I received a note this week. "Enjoy your column on Sunday, smarty," it said, "because it will be the last column you ever write."

I pondered the note for some while, and discussed it with friends, and we came to the conclusion that it was some form of threat.

We are astute around these parts. We know a menacing tone of voice when we hear one, even if it is in a note. But what could it mean?

Is it a debt collector coming round to sever my typing finger? Is it the TV licence inspector, switching from his current tactic of pressing his lips to the keyhole and yelling: "I know you're in there! I can hear The Bold And The Beautiful! You'll have to come out some time!" Could it be my mother?

Hard to tell, really, but I rather doubt it is any of these people.

Even finger-severing debt collectors and licence inspectors generally have the self-respect to attach their names to their notes, and my mother would have used stronger language and more direct threats.

No, I think what we are dealing with here is an anonymous letter writer. Ah, they are a peculiar breed, anonymous letter writers.

They skulk, for the most part, like tubby gnomes in the undergrowth, rubbing their little hands together, patting their bellies and congratulating themselves on how diabolically clever they have been.

Generally they stay undercover, unless of course they take it into their heads that sufficient of a pack has been raised against the quarry, at which point they suddenly emerge with head thrown back in triumphant cry, brushing the gardenia leaves from their clothing, so that for all the world no one would think they had been skulking. Or so, at any rate, I gather.

That is how it was on Midsomer Murders (DSTV; Hallmark Channel; Saturdays; 8pm) a short while back. At least I think it was on Midsomer Murders, or perhaps it was A Touch Of Frost (Hallmark Channel; Fridays; 9pm). Or Inspector Morse (Hallmark; Sundays; 8pm). One of them, at any rate.

In a small village in the countryside, where no one really knows anyone else but everyone knows your business, a poison-pen campaign arises around one of the village folk.

With enough huff, puff and joyful indignation on the part of his neighbours, the inevitable happens very quickly. The campaign becomes a kind of small-hearted local cause celebre, and so excited are villagers about the hoo-hah and fol-de-rol that they forget to examine the campaign itself, and don't trouble to note that the allegations are framed - as such allegations generally are - in such a way as to pre-establish the criteria for guilt: criteria which to an outside eye in possession of the facts would hardly stand scrutiny.

And of course, equally inevitably, the villager at the centre of the storm finds himself in the traditional quandary: to respond to the allegations is to imply that the allegations are - in the way they are framed - valid.

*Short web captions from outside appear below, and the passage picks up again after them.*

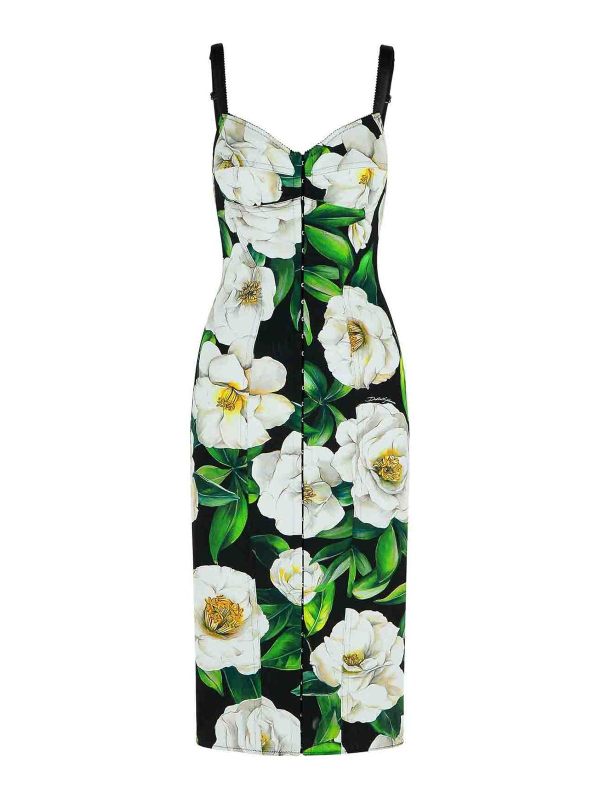 Dolce & Gabbana Robe Au Genou - Noir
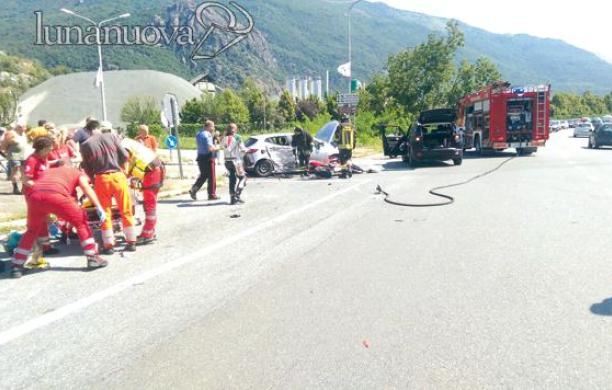 Caprie, altro incidente alla "rotonda che non c'è": motociclista grave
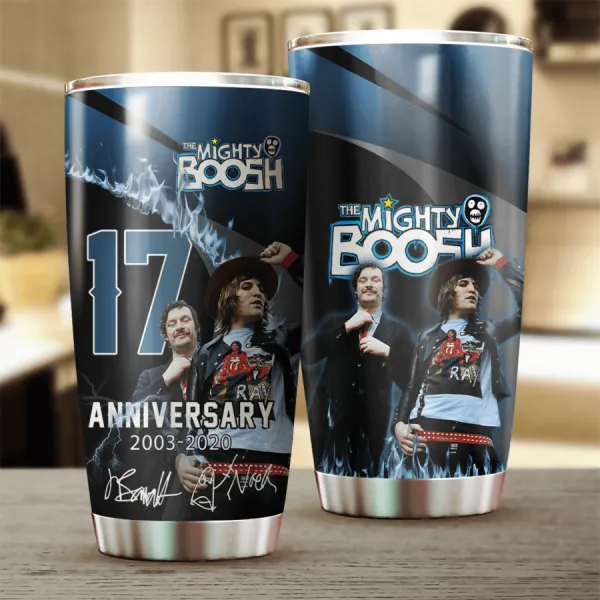 The Mighty Boosh British Comedy Television Show 17th Anniversary 2003 2020 Design Gift For Lover Gift For Fan Day Travel Tumbler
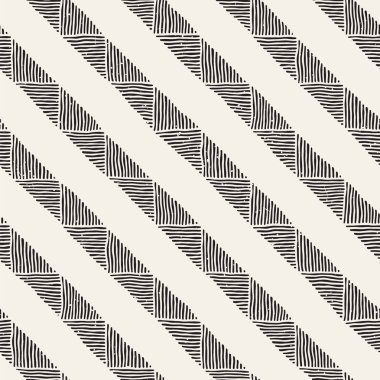Kesintisiz geometrik doodle satırları desen siyah ve beyaz. Adstract el çekilmiş retro doku.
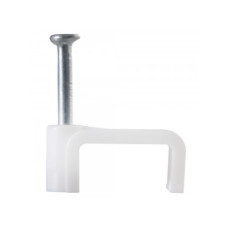 Скоба кабельна 16мм кругла АскоУкрем (100 шт)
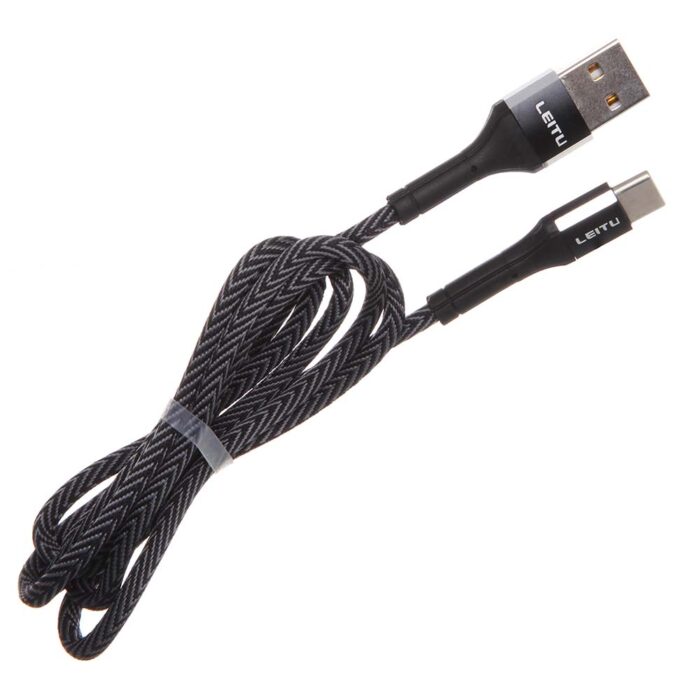 کابل تبدیل USB به USB-C لیتو مدل LD-9 طول 1 متر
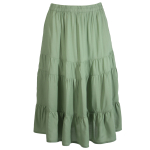 Tiered long skirt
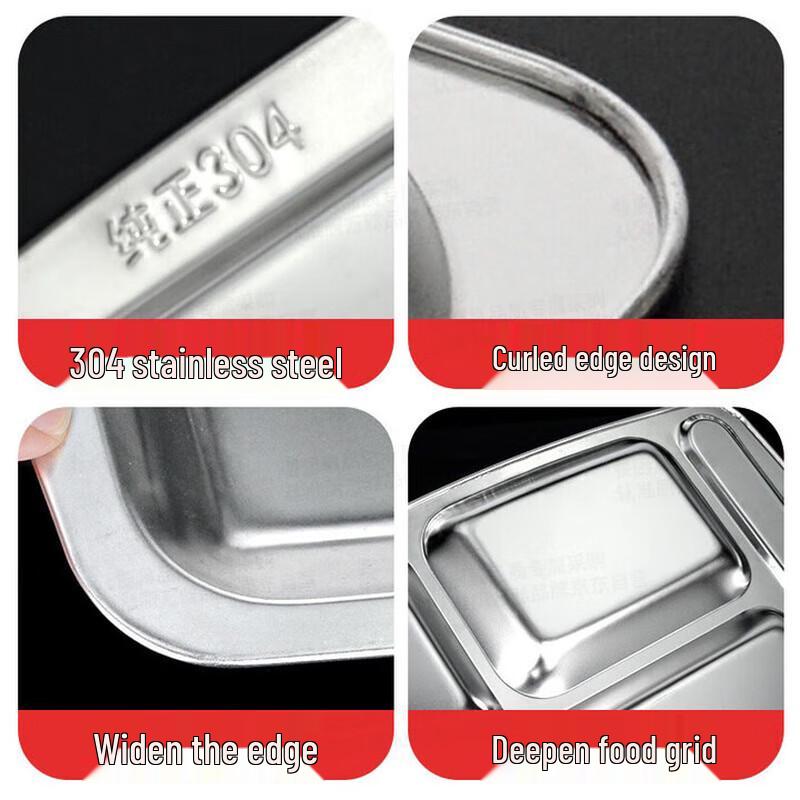 Yici Shiguang 304 Edelstahl unterteilter Speiseteller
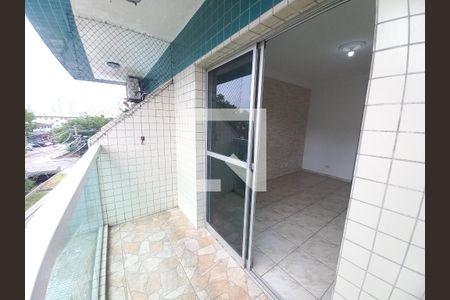 Varanda da Sala de apartamento para alugar com 3 quartos, 126m² em Vila Valenca, São Vicente
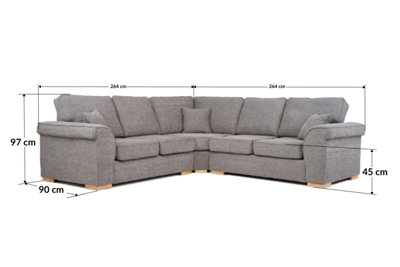 Furniture Stop - Libby Double Corner Sofa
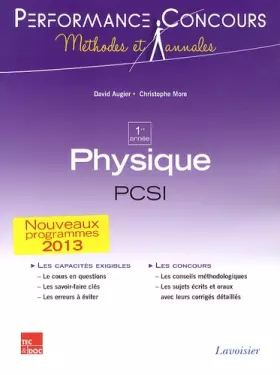Couverture du produit · Physique PCSI 1re année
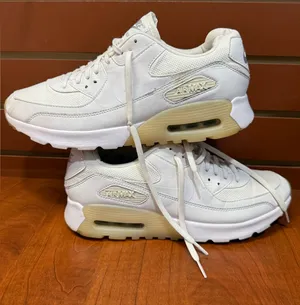 Nike Air Max White and Cream Women's Sneakers thumbnail 1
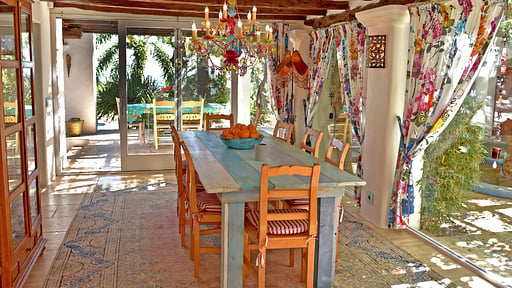 Villa Can Paradis Dining area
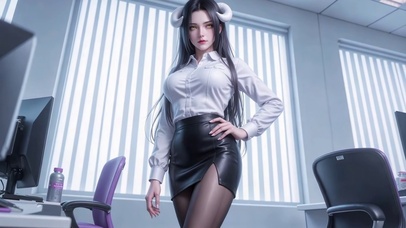 制服黑丝美女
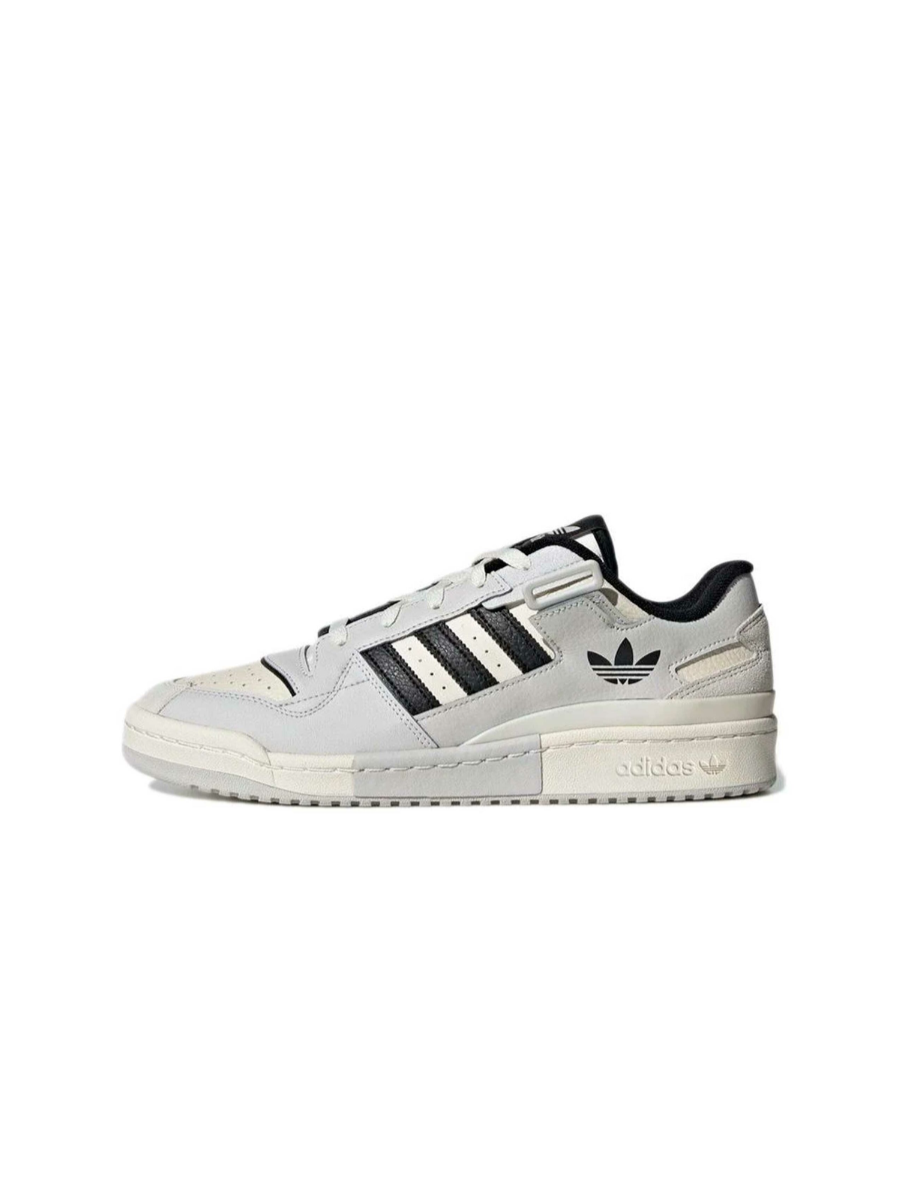 Картинка Кроссовки мужские для туризма Adidas Forum 84 Low Exhibit Grey Black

To protest against the framing of the allegations sounds like sophistry. To keep silent is as good as throwing yourself from a bridge with rocks in your pockets and a note pinned to your chest saying, "Mea culpa". And so the tensions build.

Even when it can be demonstrated that there is no wrongdoing, it makes no difference. The affair is feeding on itself, as is the function and purpose of such affairs, and the crowd demands blood. Naturally, sooner or later they will receive it.

But blood is a peculiar substance - like whispers or lies or bad writing, it begets more of itself, and before long everyone is spattered with it. Fortunately, Inspector Barnaby is on hand is to do the clean-up.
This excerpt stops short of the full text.